Not just because it’s where Elizabeth Gilbert found enlightenment — and eventually the “Love” part of Eat, Pray, Love — although maybe a little because of that, the island of Bali is an incredible destination for the unattached traveler. You can swim in the Sekumpul Waterfalls, follow bright-colored fish snorkeling on Menjangan Island, or have a zen moment in the Jatiluwih Green Land rice fields.Get the full experience by staying in a cottage. On top of the whole “exotic paradise” thing, Bali offers a surprising amount of sophisticated cultural experiences. Think traditional and modern dance, visual art, and music. The annual Indonesian International Film Festival, Balinale, takes place in Bali, too.

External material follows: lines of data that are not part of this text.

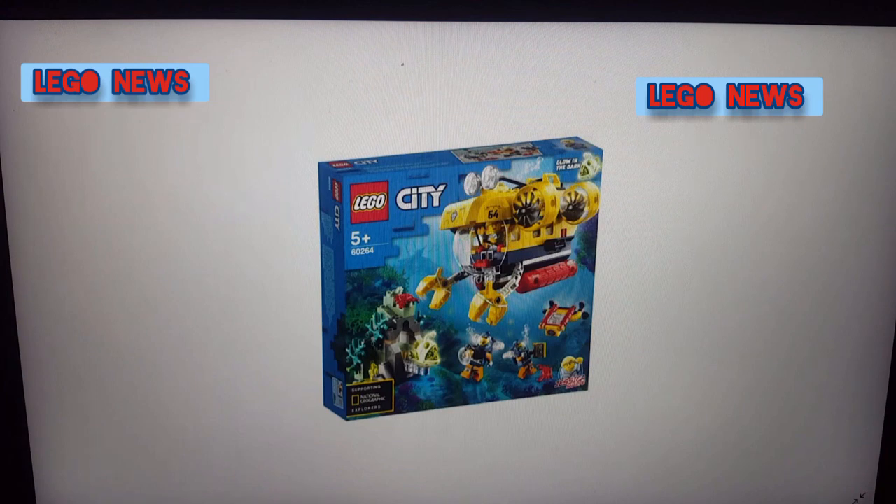I actually really can't wait for these sets to come out. I might get a few — let me know in the comments which one I should get. Very impressive sets.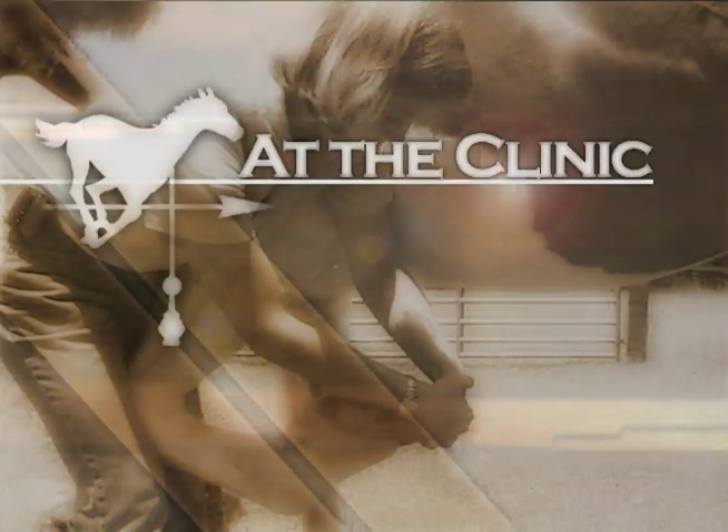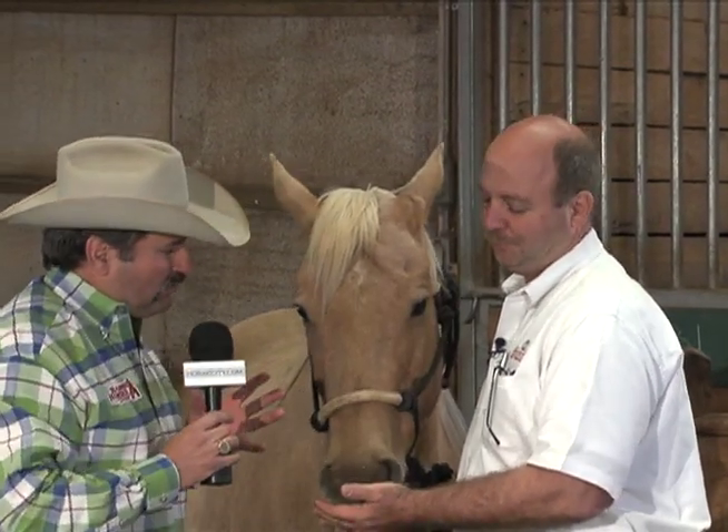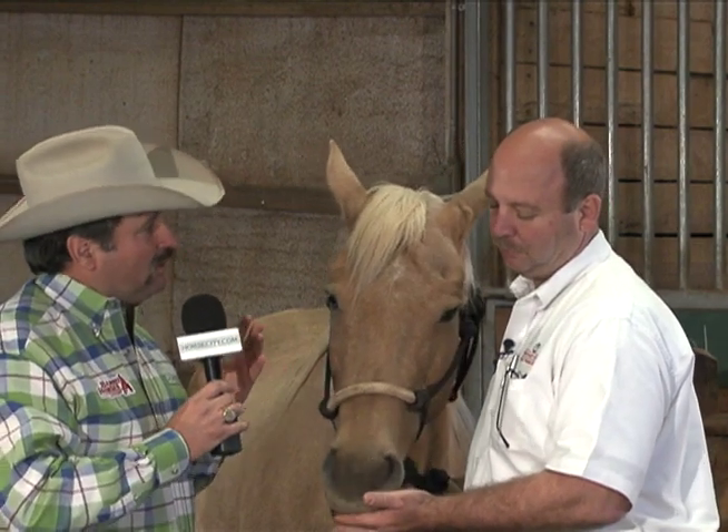We're at the clinic with Dr. Mike, and with summertime closing in, we've already talked about it once but we're going to bring it up again. Summer health in your horse, and basically heat stroke. We're joined again with Dr. Mike. Thanks for being here with us again. Today we're going to talk about treatment of heat stroke, how we deal with heat stroke.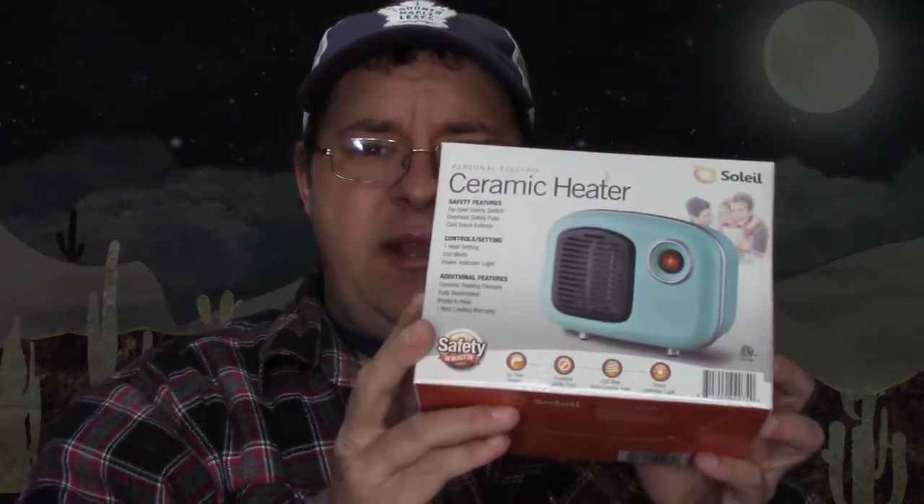what I'm looking at today is this little goddamn studio lights — this little ceramic heater. And the reason why I'm looking at this little ceramic heater, it's a Soli. I got this at Walmart for $10 and I figured it'd be nice to have a little space heater down in my basement. You have all sorts of damn uses for it.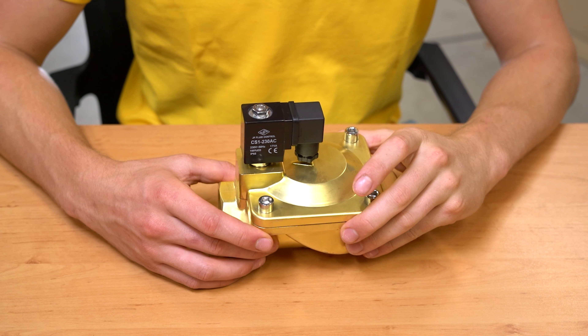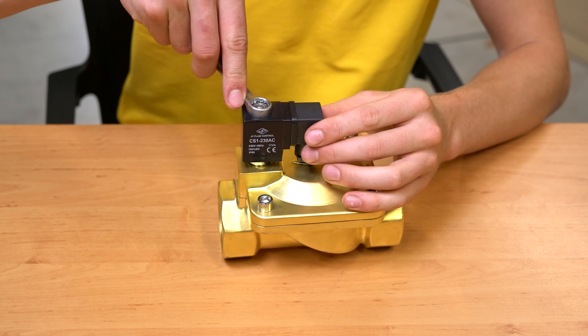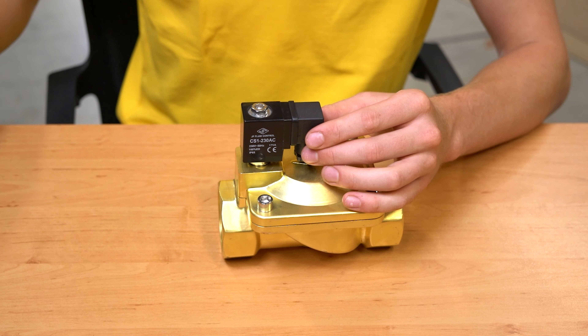Solenoid valve maintenance involves replacing any worn out components and ensuring that the valve parts are clean and free of debris. Excessive noise, leakage or sluggish operation indicates that the valve needs to be inspected and cleaned. A proper maintenance routine ensures a predictable solenoid valve operation and extends the life of your solenoid valve.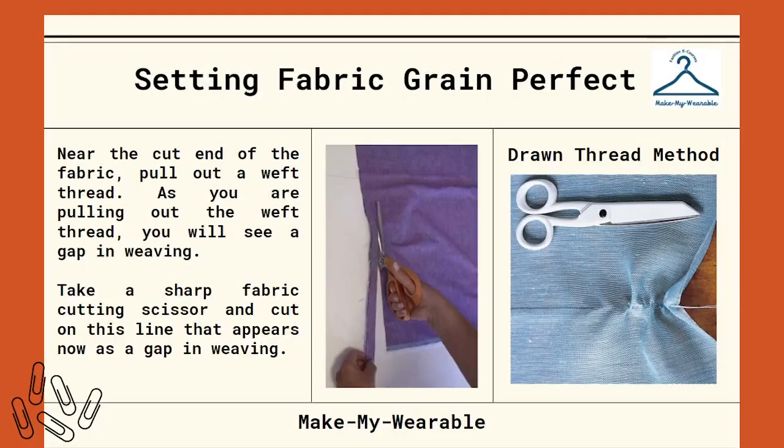Now you have to set the fabric grain perfectly. Near the cut end of the fabric, pull out a weft thread. As you are pulling it out, you will see it is leaving a gap in the weaving. Take a sharp fabric cutting scissor and cut on this line that appears as a gap in the weaving. Follow the same procedure on the other cut end.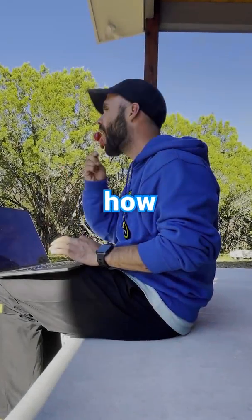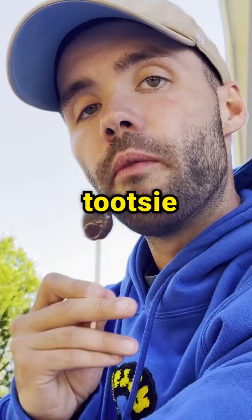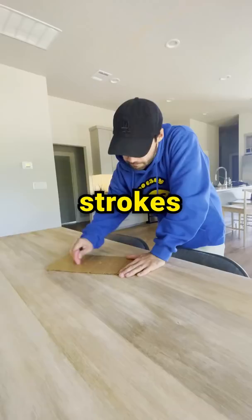I've found out how many licks it takes to get to the center of a lollipop, tootsie pop, and jawbreaker. And today, I'm gonna find out how many licks — I mean strokes — it takes to actually finish an eraser.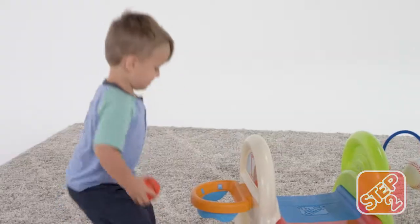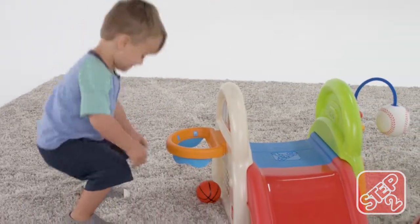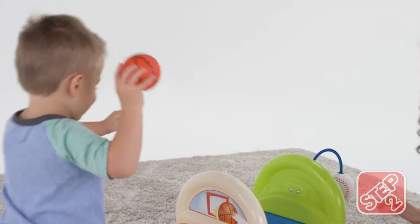This playset includes three sports activity zones for multiple ways to play, helping your tiny tot build gross motor skills.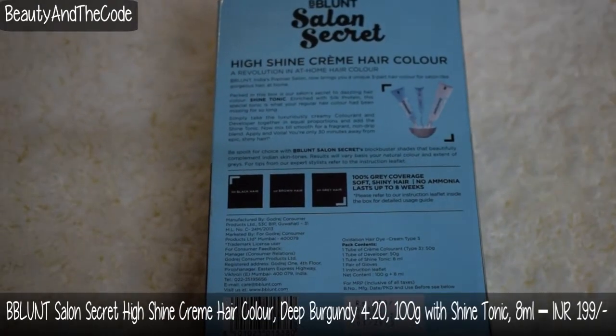Now I don't know if it will show up on my hair or not because my hair is dark brown and this shade is again a dark deep wine burgundy. So I don't know how the end result will be but I'm willing to try. Also I have some grays in this area — I don't know if you can catch it but I do have some grays in here and I wanted to tackle those as well.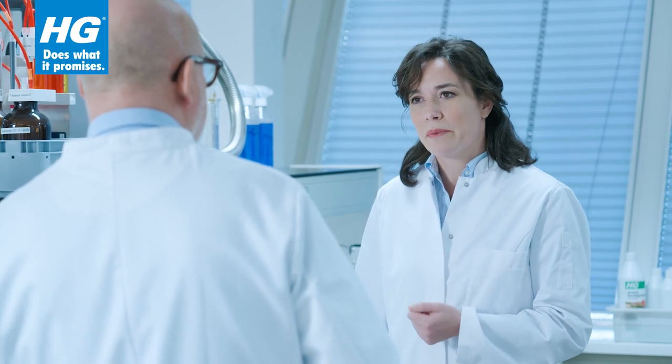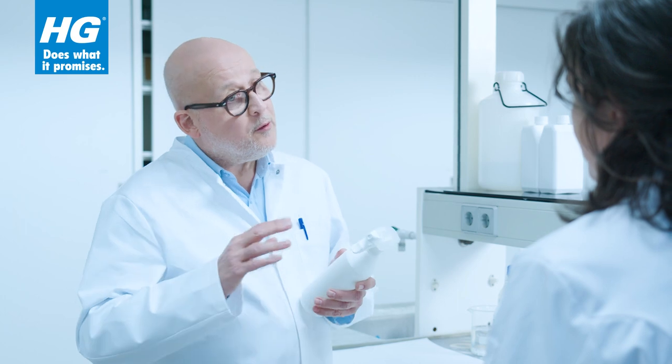Is it harmful for grass and plants, by the way? No, because you apply it in a diluted form. Plus, it's 100% biodegradable, so it will break down naturally.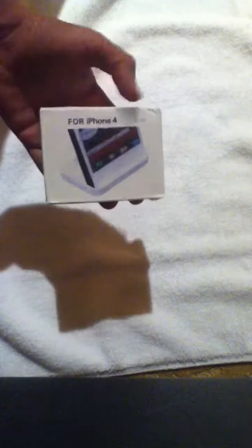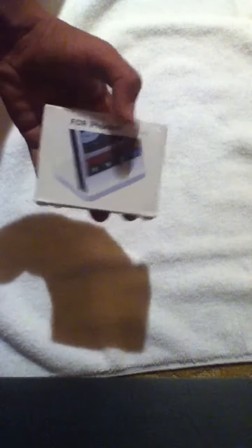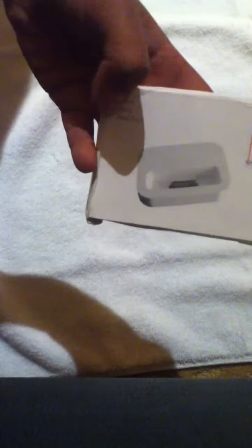Here you can see it's for iPhone 4 — it says 'dock' and has a cheap picture of the iPhone in the dock. You've also got a picture of the dock; it says 'dock,' 'suck low,' or whatever that is, 'base dock' — I think these are just different words for the same thing. There's a sticker on here that says made in China, and both sides of the box are blank. I'm going to take it out of the packaging now.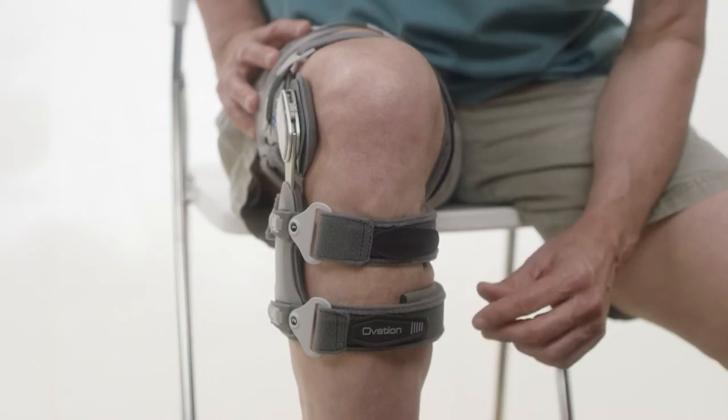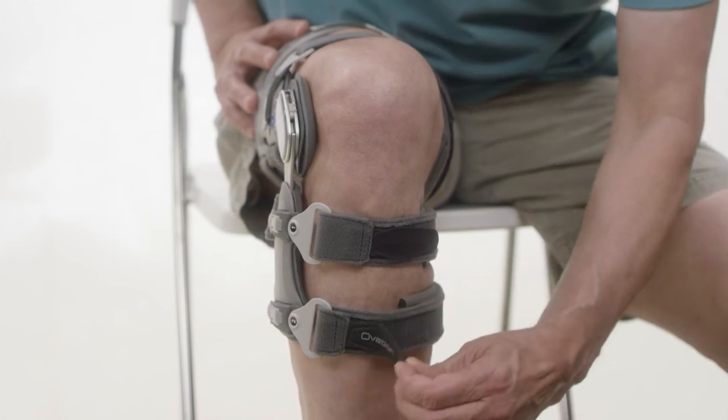Step 4: Final adjustment. Verify proper hinge alignment, then adjust strap tabs.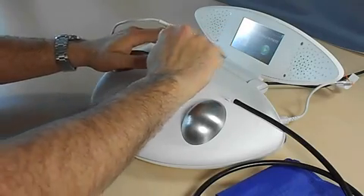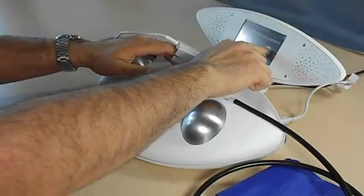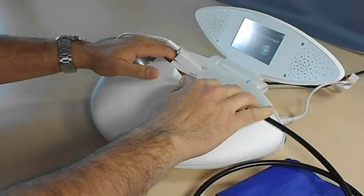Now place both hands lightly on the electrodes. Please remain relaxed during the measurement.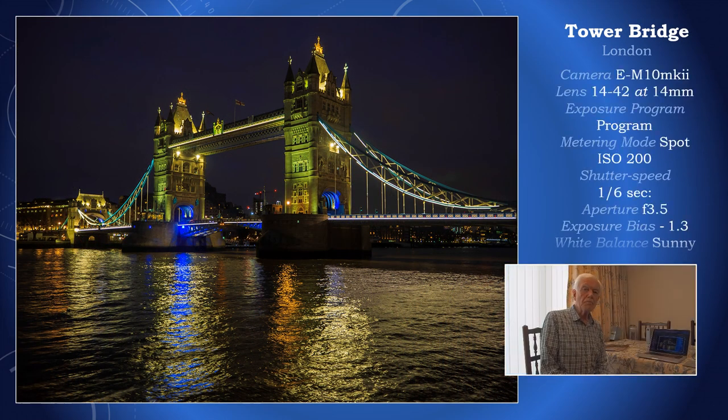The important thing to remember when shooting at night is that the exposure meter — and it doesn't matter whether you are in matrix, center-weighted, or spot — it does not read black accurately. It tends to render black as grey. Therefore, to overcome that you must use exposure bias, and you'll see I've got a minus figure of 1.3.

Must-dos: Take in a temple performance, eat nasi goreng (a tamarind + chili stir-fried rice) and spicy peanut satay with bubur sumsum (black rice pudding) for dessert.

Sydney, Australia

The first-time solo traveler will appreciate the familiar urbanity and English-speaking environment of Australia. But Sydney has seemingly endless opportunity to explore a different kind of adventure with incredible surfing at spots like Manly Beach and fitness-focused attractions like walking Sydney Harbor Bridge, or taking in all the major attractions on a bike tour.

For a taste of culture, visit The Royal Botanic Gardens or shop at the Centrepoint Mall. Regardless of the kind of trip you’re looking for, you can find it in Australia.

Must-dos: Take in a performance at the Sydney Opera House (it helps if your hotel is walking distance) and indulge in a tasting menu at Sydney-based seiōbo — momofuku’s first location outside New York City, which features locally sourced, seasonal ingredients.